In other words, researchers had previously concluded that when it comes to marriage, men are more likely to stick around if they have sons.
Color me confused, perplexed, nonplussed.
Fortunately, Psych Central is reporting research that challenges those earlier conclusions.
Gender Factors in Everything?
Consider this: “Does the Gender of Children Predict Divorce?”
Dr. Rick Nauert writes:
Researchers have known that in the U.S. couples with daughters are somewhat more likely to divorce than couples with sons… studies have argued that fathers prefer boys and are more likely to stay in marriages that produce sons.
Ouch! Seriously? Did I miss the memo? Has this really been pop culture wisdom and I’ve been utterly unaware?
I never even considered that gender of our children might play a role in divorce statistics. (Of course, I’m divorced and I have sons. Then again, we’re talking theoretical shades of likelihood.)

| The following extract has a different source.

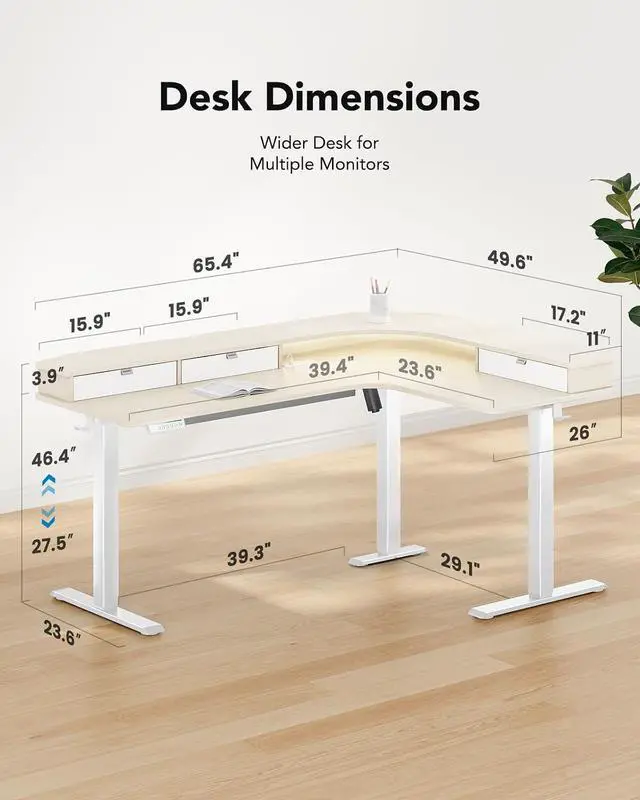 Alt view image 2 of 7 - 65 L-Shaped Standing Desk with Power Outlets & LED Strip, Electric Height Adjustable Corner Computer Desk, Sit Stand Up Desk with 3 Drawers, Natural Wood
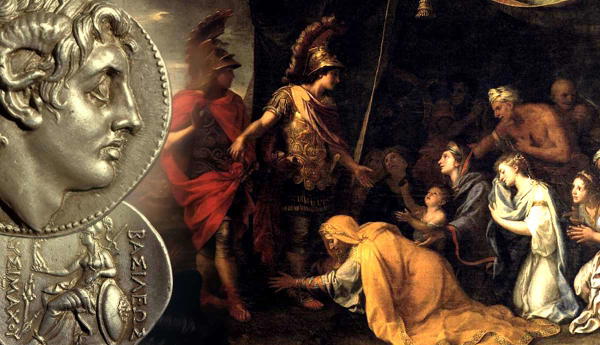 Alexander the Great coin overlaying a classical painting.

Have Daughters… Will Divorce?
Dr. Nauert goes on:
… new research from Duke University suggests something quite different may be at play.
Well, glad to hear that!
In fact, Psych Central reports that the new research underscores the hardiness of girls and women as compared to boys and men, as the new study points to the possibility that females may survive in utero (during stressful pregnancies) with a higher frequency than males. Noting that it is “relationship conflict” that is a predictor of divorce,
… more robust female embryos may be better able to withstand stresses to pregnancy, the new paper argues, including stresses caused by relationship conflict.
Therefore, it follows that more girls are born into couples with marital discord that are, for other reasons, more likely to divorce.
Adolescent Kids? Stressful
While I may have been shocked at the prevailing “wisdom” that girls are somehow more stressful on their parents’ marriages, this brief article sparked two thoughts.
First, adolescent girls and boys certainly do put different types of strain on their parents. I’m not trawling for data at the moment to support this opinion, but in my experience, I’ve observed the differing dynamics between teenage girls and their mothers (versus their fathers), and likewise teenage boys and their mothers (versus their fathers).
I might add that my sons were considerably easier on me than their female friends were on their mothers. That said, I repeat: The nature of the individual personalities, relationships and circumstances all play a vital role in that dynamic. This was my individual experience – and only that.
Kids Add Stress to Marriage
The second observation?
I was annoyed at what I perceive as (yet another) sexist bias in so-called social research – that daughters would increase the likelihood of marital strife – yet I’m pleased to see some indication, even implied, that children add to marital stress.
We don’t talk about this enough.
Sure, we discuss the fact that we have less time (for the relationship), we may have more financial strain (kids are expensive), and if we’re dealing with major issues to do with the health of a child, mental or physical, we may be willing to fess up to the additional pressures and worries all round.
But what about children, generally speaking? Can’t we admit there are more concerns than the logistical and financial issues? Our priorities may be conflicting, our emotions may often hover on overload, and disagreements as to handling of behavior, schooling, friendships, discipline – all of these can put a strain on the parents’ relationship.
Kids are hard on marriage. Why can’t we say so?
We love our kids, we want our kids, but can we admit that some of the time we’re fighting about them? Isn’t this really an issue of values and consensus between the parents?
All the more reason that resolving conflict and communicating well are essential to the health of our relationships.
Divorce these days?
It’s not the stuff of 1960s rom-coms like “Divorce, American-Style.” State divorce laws have changed enormously, wives-mothers now work routinely, and our children’s lives are far more complex as are ours. Likewise, our parenting approach has evolved. It is more hands-on (if possible), far more scrutinized (by institutions as well as strangers), and yes, potentially, a source of friction between parents.
Mothers (especially) seem to constantly compare themselves to some ideal, and feel they come up short.
Personally, I’d be far more interested in research that looks at the number of children in the marriage and household income.
Three children are far more stressful than one; everything is more stressful when the money isn’t rolling in and you have a family to provide for.